**What you are asked to do**. Only one stretch of the data should be retyped: the lines from the line containing "Lot 118 - A" through the line containing "Endoskopinė kamera su". Keep pictures out of it.
*** Supplied entries ***
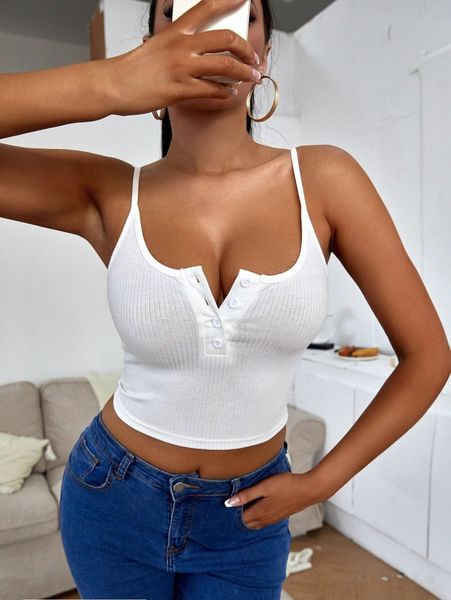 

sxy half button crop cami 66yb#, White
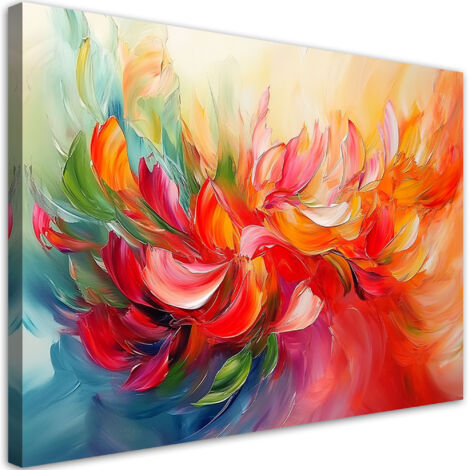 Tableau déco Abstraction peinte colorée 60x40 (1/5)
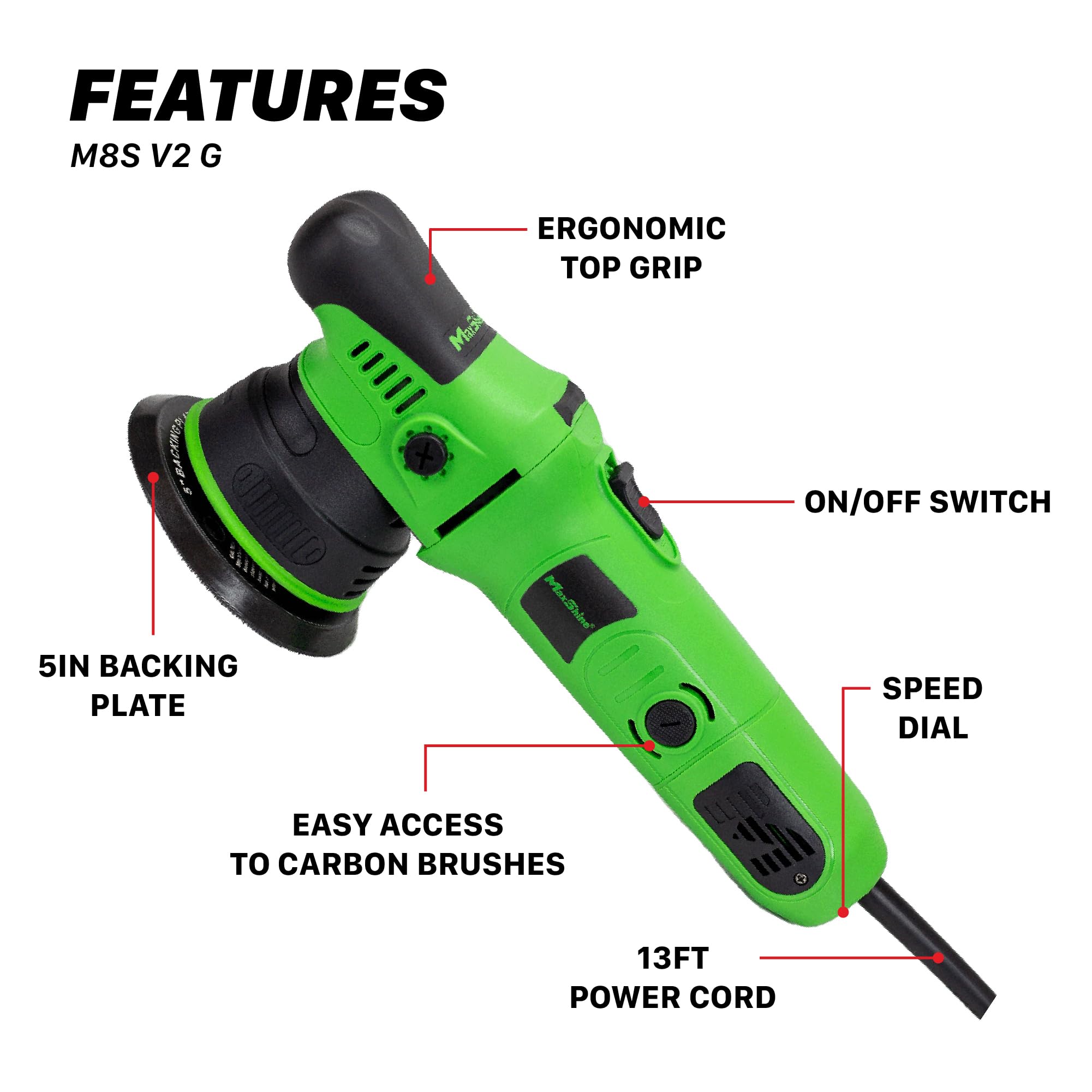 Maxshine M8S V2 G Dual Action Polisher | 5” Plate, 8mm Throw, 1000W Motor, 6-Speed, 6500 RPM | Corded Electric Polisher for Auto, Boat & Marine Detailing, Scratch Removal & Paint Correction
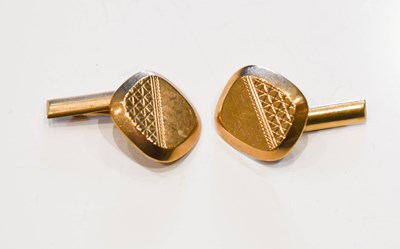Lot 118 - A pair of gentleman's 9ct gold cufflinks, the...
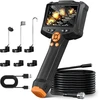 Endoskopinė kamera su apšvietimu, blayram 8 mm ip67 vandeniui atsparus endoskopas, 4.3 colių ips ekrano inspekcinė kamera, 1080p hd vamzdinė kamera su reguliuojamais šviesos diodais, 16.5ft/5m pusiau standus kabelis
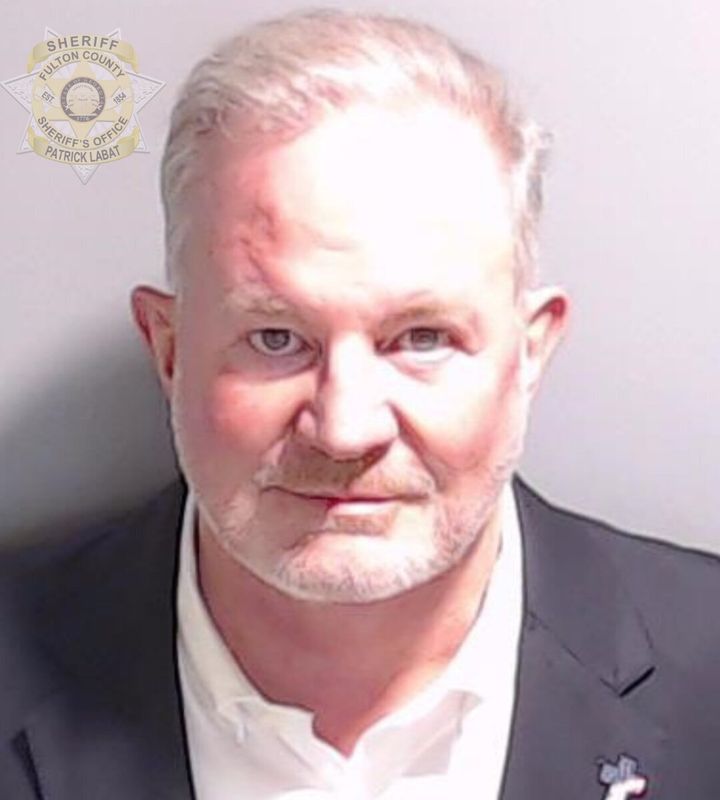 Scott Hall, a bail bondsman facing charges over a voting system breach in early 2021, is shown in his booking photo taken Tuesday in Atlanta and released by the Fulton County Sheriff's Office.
*** End of Supplied entries ***
**Response**.
Lot 118 - A pair of gentleman's 9ct gold cufflinks, the...
 Endoskopinė kamera su apšvietimu, blayram 8 mm ip67 vandeniui atsparus endoskopas, 4.3 colių ips ekrano inspekcinė kamera, 1080p hd vamzdinė kamera su reguliuojamais šviesos diodais, 16.5ft/5m pusiau standus kabelis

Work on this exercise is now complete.